For comedy to be credible, in the sense that a comedian should be able to speak truth to power, their freedom of speech must be unobstructed. As comedian David Cross has pointed out, by the Festival’s participants signing those contracts and making the conscious choice to limit their free speech for monetary gain, speech which could’ve otherwise been used to make fun of the many absurdities and abuses of the Saudi regime, they hinder their ability to credibly take a stance on anything. They’re sellouts! 

As the audience, we have an understanding, however acknowledged, that one of the principles that defines ‘good comedy’ is being able to ‘tell it like it is.’ By that, good comedians should provide a laugh, yes, but some unfiltered perspective, too. Evidently, that principle was squandered here for the purposes of “artwashing” the Saudi regime’s crimes with a joking, chummy Western aesthetic and for a solid paycheck — most of these performers were already wealthy, mind you. As such, the credibility of these performers has been tarnished, and whatever future actions will be held in light of this choice to perform under Saudi contract. (As comedy in the West continues to veer increasingly political, too, the destruction of credibility with particular regard to political nobility serves to significantly harm a comedian’s career.)  

This whole situation — the outrage, career slough, etc — should’ve come as no surprise to the performers, and much less their PR teams, as they, with their predominantly American fanbases, offended American sensibilities. In other words, they betrayed the American Creed — the set of few principles that form the American identity. Such includes freedom of speech and expression, which, by performing for the Saudi regime and making the conscious choice to limit their free speech, they turn their back to. While I don’t believe the comedy audience is necessarily thinking of this front-of-mind, it’s clear that as Americans, the conduct of these comedians feels fraudulent in some back-of-mind way. The Creed serves to explain this. 

In some ways, then, the actions of these performers exemplify the death of the American Creed.
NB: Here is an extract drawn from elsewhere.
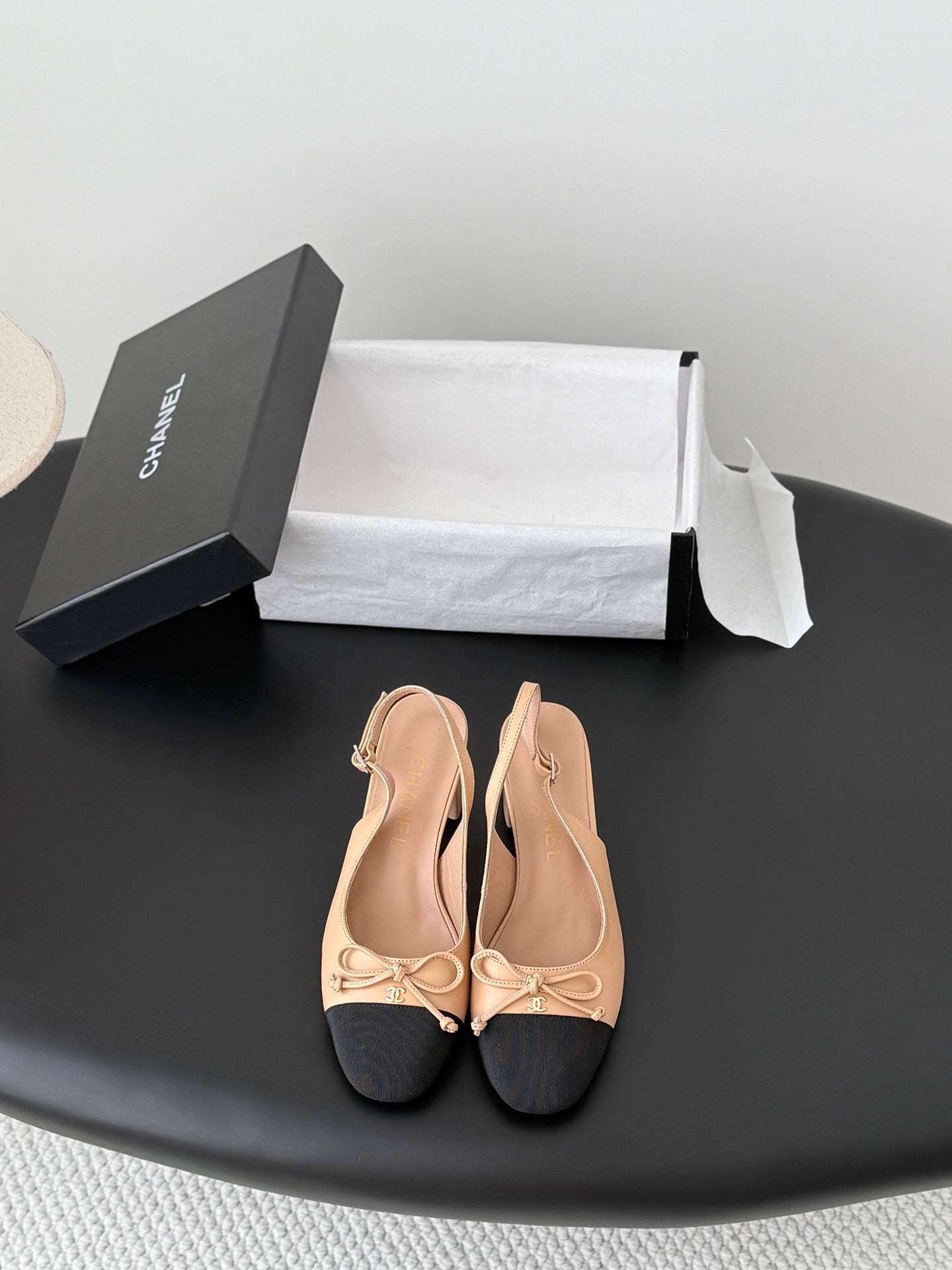 CC Square Toe Slingback Pumps Black Beige Leather 915052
In that, nowadays, among the foremost members of the public — the celebrities this nation holds to represent us — there is a general neglect for the identifying principles of this country, and therefore, we are straying from form. That argument can be made, yes. 

I’d say that in a modern sense, though, that these comedians represent a more honest American Creed. It’s clear with this country’s conduct of relations in the Middle East, Vietnam, and elsewhere, as well as farther back through our history, part of the American identity involves maintaining the American principles at home while betraying them abroad. We are all about democracy, peace, freedom and that, and then we sell weapons, intelligence or whatever to foreign regimes so they can use them against their own people. (They can fire upon protestors, jail and kill people suspected of being LGBTQ+, and help orchestrate terror plots against the American people themselves.) It seems to be the American way.  

I suppose, then, the conduct of these comedians, and this whole stunt by the Saudi regime is a sure continuation of the Creed. In a similar way to how the term liberal has morphed in conception from what we’d now call a classical liberal, the American Creed too has received an update to keep up with the sad times.